La construcción de la identidad en la zona sur de Nayarit representa un proceso de resistencia frente a la influencia histórica de Jalisco. Gómez Encarnación detalló que, durante gran parte del siglo XX, los habitantes de la región se sentían más vinculados a Puerto Vallarta que a Tepic debido a la geografía y a las redes comerciales. “La identidad del pata salada se forjó en esa frontera difusa, donde la pertenencia administrativa a Nayarit parecía una formalidad lejana mientras la vida cotidiana ocurría en la bahía”, puntualizó el autor al analizar la idiosincrasia local. Su obra documenta cómo la creación del Fideicomiso Puerto Vallarta en 1970 inició una expropiación masiva de tierras ejidales que alteró definitivamente el orden social, convirtiendo a campesinos ejidatarios en testigos de un desarrollo turístico global que no siempre los incluyó en sus beneficios.
Vladimir Valenzuela Barrutia, presidente de NAVIFU, subrayó la relevancia de documentar la etapa previa a la municipalización de 1989. En ese periodo, la región dependía de Compostela, una cabecera situada a cien kilómetros de distancia por caminos precarios, lo que obligaba a los habitantes a gestiones extenuantes para asuntos básicos como la matanza de un animal o trámites civiles. “La lucha por el municipio libre fue una gesta de dignidad de un pueblo que se sentía olvidado por su centro político y que veía en la autonomía la vía para garantizar su supervivencia”, afirmó Valenzuela durante la entrega del reconocimiento de la labor de Gómez Encarnación como el cartógrafo de una transición que evitó que la historia de la región fuera borrada por la inmediatez del capital inmobiliario.
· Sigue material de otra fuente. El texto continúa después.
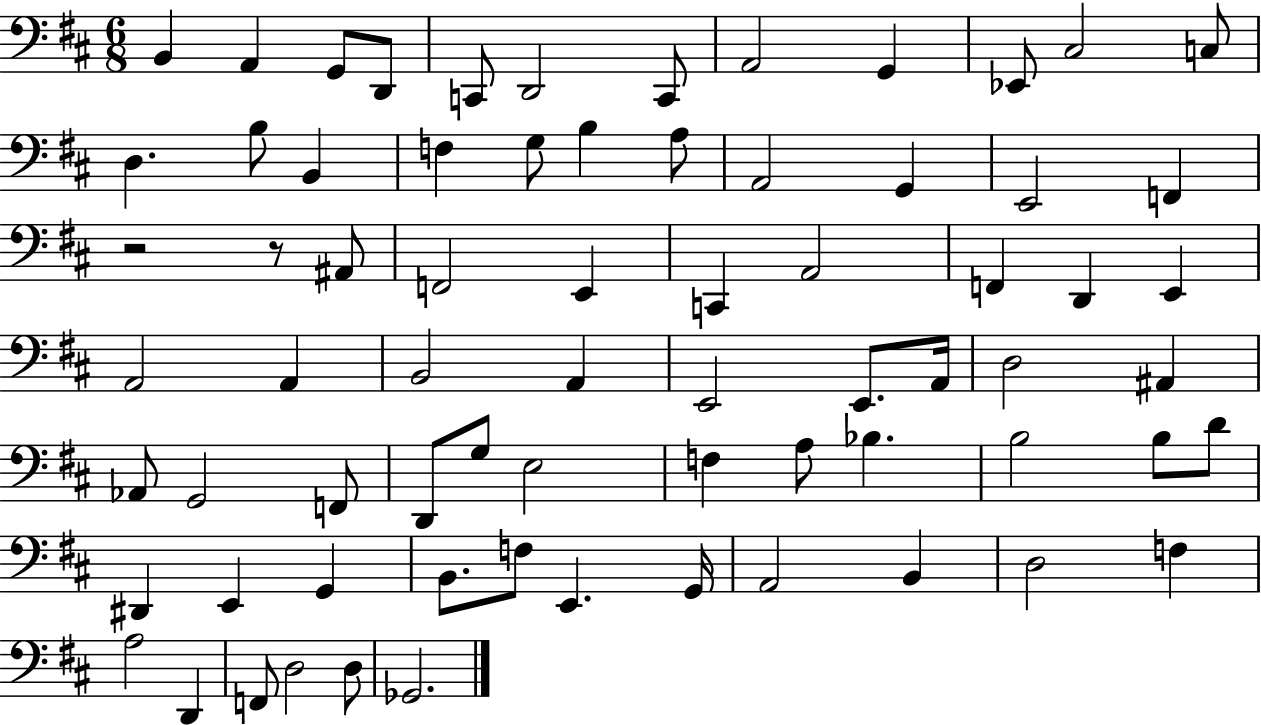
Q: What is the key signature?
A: D major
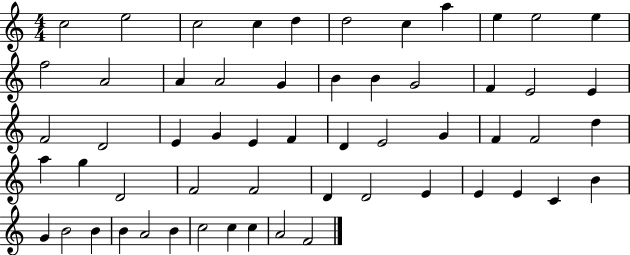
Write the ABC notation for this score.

X:1
T:Untitled
M:4/4
L:1/4
K:C
c2 e2 c2 c d d2 c a e e2 e f2 A2 A A2 G B B G2 F E2 E F2 D2 E G E F D E2 G F F2 d a g D2 F2 F2 D D2 E E E C B G B2 B B A2 B c2 c c A2 F2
La voz del cronista se volvió técnica al explicar los mecanismos de su investigación, la cual se nutrió de archivos parroquiales y testimonios orales recolectados a lo largo de décadas. Confesó que su motivación nació de preguntas personales sobre los restos de una bonanza que sucumbió antes de su nacimiento. Relató con precisión quirúrgica la infraestructura de una compañía en Ixtapa, empresa bananera norteamericana que operó entre 1923 y 1936. Describió una colonia de casas de madera estufada traídas de Canadá, equipadas con agua corriente, luz y teléfono en una época donde el resto de la entidad carecía de tales servicios. “Nací entre los escombros recientes de la bonanza platanera que sucumbió al petróleo”, recordó, mencionando a un cocinero de los administradores extranjeros que terminó vendiendo pan en las calles, y al último gerente de la compañía.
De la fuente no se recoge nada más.